Each line from the one holding "1 Deck 1 Tray Gas Deck Oven" to the last line below must be written out exactly, with no other output.

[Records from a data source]
· · · ·
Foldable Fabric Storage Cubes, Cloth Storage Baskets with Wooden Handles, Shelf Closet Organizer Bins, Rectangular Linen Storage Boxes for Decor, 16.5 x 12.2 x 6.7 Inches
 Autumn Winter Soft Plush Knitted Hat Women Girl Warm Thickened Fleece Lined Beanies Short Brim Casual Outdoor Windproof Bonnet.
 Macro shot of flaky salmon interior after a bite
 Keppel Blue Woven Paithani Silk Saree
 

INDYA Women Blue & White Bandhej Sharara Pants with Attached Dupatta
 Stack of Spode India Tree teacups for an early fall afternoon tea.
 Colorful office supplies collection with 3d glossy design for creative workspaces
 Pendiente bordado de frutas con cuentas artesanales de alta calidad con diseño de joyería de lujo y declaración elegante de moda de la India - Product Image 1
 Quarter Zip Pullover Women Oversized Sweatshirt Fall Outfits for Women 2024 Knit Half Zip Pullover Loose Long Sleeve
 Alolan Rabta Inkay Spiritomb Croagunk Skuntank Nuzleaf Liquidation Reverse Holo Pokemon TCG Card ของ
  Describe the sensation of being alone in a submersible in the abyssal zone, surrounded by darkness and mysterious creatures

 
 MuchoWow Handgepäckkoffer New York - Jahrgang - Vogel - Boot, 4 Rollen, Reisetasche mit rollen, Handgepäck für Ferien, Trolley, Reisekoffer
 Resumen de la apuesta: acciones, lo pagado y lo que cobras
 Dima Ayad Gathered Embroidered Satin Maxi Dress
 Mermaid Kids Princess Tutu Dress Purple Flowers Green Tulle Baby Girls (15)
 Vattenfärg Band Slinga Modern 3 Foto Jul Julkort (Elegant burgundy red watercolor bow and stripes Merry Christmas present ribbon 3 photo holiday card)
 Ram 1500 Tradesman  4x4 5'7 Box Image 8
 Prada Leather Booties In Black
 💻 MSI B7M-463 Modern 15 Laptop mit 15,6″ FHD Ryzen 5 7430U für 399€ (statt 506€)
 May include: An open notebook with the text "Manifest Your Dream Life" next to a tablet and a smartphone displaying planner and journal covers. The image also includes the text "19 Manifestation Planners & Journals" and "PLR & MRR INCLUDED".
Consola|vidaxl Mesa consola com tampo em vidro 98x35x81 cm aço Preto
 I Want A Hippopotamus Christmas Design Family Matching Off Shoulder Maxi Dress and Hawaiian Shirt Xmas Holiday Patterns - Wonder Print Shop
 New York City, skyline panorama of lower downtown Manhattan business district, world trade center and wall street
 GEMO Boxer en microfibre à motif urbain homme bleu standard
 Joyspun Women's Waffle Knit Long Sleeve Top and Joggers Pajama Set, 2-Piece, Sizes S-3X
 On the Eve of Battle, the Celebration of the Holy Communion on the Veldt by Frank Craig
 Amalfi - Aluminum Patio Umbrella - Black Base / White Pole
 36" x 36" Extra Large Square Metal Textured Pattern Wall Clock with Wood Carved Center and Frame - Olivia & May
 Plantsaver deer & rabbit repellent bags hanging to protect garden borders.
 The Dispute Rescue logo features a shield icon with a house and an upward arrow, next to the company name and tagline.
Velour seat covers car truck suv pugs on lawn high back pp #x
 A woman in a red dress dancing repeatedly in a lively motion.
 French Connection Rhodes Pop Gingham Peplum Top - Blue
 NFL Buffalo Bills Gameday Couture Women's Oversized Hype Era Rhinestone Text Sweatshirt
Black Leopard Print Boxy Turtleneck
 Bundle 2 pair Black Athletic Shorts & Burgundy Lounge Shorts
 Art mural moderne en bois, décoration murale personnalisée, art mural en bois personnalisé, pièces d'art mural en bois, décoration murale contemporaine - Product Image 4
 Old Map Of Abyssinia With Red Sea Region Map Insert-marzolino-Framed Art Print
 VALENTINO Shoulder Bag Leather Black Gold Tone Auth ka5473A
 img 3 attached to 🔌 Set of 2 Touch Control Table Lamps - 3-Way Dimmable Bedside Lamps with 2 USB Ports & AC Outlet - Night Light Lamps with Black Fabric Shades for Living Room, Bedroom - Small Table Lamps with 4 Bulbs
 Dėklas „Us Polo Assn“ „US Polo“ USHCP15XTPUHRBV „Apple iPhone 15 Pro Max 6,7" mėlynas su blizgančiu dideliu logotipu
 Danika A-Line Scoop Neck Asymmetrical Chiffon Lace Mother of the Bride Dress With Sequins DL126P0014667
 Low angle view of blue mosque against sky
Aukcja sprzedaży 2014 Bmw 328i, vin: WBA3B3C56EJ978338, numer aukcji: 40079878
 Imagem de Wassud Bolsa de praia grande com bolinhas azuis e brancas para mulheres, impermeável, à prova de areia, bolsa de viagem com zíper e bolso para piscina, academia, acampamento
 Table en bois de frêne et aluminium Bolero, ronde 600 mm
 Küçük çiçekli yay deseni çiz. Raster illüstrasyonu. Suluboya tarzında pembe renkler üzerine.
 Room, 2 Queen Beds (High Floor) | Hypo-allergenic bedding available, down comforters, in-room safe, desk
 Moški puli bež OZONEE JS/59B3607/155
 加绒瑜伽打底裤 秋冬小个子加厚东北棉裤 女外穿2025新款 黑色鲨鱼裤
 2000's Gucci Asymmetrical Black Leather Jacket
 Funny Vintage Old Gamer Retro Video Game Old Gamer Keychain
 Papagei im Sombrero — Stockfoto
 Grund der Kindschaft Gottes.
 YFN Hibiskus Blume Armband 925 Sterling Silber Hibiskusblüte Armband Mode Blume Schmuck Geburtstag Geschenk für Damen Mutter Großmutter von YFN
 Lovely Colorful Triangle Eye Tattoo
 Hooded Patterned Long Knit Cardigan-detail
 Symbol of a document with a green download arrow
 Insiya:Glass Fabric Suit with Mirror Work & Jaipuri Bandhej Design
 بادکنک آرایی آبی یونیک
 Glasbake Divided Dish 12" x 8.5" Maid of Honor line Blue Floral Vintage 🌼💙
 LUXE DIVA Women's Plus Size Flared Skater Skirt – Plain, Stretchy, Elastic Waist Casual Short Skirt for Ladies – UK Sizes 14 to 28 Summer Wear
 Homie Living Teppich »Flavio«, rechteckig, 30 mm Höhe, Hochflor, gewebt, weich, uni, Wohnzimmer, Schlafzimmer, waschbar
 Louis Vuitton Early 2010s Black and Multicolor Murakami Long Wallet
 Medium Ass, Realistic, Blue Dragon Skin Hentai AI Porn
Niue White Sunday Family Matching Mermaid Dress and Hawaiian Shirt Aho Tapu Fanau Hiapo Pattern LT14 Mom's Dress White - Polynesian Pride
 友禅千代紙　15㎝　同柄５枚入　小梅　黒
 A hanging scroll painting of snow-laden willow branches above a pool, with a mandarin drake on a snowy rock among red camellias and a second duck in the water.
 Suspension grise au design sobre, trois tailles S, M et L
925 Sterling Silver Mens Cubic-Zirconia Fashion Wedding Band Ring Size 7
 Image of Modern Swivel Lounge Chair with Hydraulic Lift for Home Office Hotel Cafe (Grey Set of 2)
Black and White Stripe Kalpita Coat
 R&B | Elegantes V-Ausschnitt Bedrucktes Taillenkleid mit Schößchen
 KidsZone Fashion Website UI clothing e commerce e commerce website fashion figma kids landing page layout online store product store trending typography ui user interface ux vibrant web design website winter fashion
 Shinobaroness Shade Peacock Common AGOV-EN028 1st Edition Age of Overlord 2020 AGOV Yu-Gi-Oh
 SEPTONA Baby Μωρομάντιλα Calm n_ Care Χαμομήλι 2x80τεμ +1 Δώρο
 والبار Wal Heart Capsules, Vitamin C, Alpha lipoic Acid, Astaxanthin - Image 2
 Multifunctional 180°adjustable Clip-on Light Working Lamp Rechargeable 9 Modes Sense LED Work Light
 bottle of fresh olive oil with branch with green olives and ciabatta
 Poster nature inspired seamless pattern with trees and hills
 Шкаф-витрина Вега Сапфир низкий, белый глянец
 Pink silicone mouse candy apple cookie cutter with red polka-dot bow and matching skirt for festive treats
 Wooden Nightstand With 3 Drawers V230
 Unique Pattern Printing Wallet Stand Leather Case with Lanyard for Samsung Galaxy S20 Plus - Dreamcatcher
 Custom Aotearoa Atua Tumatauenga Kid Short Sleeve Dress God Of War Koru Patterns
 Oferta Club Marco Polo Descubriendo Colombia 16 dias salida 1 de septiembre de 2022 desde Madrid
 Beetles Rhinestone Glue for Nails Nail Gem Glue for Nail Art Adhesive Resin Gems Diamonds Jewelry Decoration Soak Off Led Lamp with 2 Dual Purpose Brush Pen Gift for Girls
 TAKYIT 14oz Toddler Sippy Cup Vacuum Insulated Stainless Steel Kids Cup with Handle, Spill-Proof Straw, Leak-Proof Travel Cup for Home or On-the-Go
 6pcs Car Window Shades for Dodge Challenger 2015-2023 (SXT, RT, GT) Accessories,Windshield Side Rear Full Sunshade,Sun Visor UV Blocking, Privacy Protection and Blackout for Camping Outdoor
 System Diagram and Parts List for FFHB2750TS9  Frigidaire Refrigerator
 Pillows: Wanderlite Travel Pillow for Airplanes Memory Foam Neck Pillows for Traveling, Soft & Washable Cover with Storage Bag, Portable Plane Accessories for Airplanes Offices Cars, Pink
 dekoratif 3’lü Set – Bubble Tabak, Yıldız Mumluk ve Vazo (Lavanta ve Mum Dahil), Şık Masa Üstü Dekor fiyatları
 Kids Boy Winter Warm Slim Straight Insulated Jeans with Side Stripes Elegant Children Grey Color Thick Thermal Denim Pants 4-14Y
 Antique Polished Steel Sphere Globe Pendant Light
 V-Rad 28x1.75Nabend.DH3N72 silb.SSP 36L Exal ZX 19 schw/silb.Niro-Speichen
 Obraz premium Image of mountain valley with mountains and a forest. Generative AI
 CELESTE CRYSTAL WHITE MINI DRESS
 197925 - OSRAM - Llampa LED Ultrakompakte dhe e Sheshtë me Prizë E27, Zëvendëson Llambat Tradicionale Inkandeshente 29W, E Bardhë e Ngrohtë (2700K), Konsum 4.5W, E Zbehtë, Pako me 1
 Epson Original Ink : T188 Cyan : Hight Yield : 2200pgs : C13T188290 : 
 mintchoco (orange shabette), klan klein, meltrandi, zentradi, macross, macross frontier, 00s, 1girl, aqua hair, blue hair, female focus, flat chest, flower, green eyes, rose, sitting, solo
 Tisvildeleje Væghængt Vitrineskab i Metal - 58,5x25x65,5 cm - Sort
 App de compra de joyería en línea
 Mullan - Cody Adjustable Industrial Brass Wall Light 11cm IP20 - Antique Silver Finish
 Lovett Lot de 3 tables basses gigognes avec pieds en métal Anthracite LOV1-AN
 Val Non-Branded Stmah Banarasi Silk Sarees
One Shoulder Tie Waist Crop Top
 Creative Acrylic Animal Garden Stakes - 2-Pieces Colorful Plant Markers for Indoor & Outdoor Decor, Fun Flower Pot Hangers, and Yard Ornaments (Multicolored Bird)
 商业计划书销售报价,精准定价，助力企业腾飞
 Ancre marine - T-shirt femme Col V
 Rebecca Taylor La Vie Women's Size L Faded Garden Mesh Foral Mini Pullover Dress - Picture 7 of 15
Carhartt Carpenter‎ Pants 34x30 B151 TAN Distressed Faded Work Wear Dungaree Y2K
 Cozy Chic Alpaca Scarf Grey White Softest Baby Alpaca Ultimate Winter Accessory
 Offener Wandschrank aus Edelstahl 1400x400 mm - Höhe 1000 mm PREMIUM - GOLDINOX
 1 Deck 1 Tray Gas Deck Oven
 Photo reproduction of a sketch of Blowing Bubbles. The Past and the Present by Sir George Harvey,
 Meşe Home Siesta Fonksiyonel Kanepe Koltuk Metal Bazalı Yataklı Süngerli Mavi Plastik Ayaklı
· · · ·
| Solution to this problem |
 1 Deck 1 Tray Gas Deck Oven
 Photo reproduction of a sketch of Blowing Bubbles. The Past and the Present by Sir George Harvey,
 Meşe Home Siesta Fonksiyonel Kanepe Koltuk Metal Bazalı Yataklı Süngerli Mavi Plastik Ayaklı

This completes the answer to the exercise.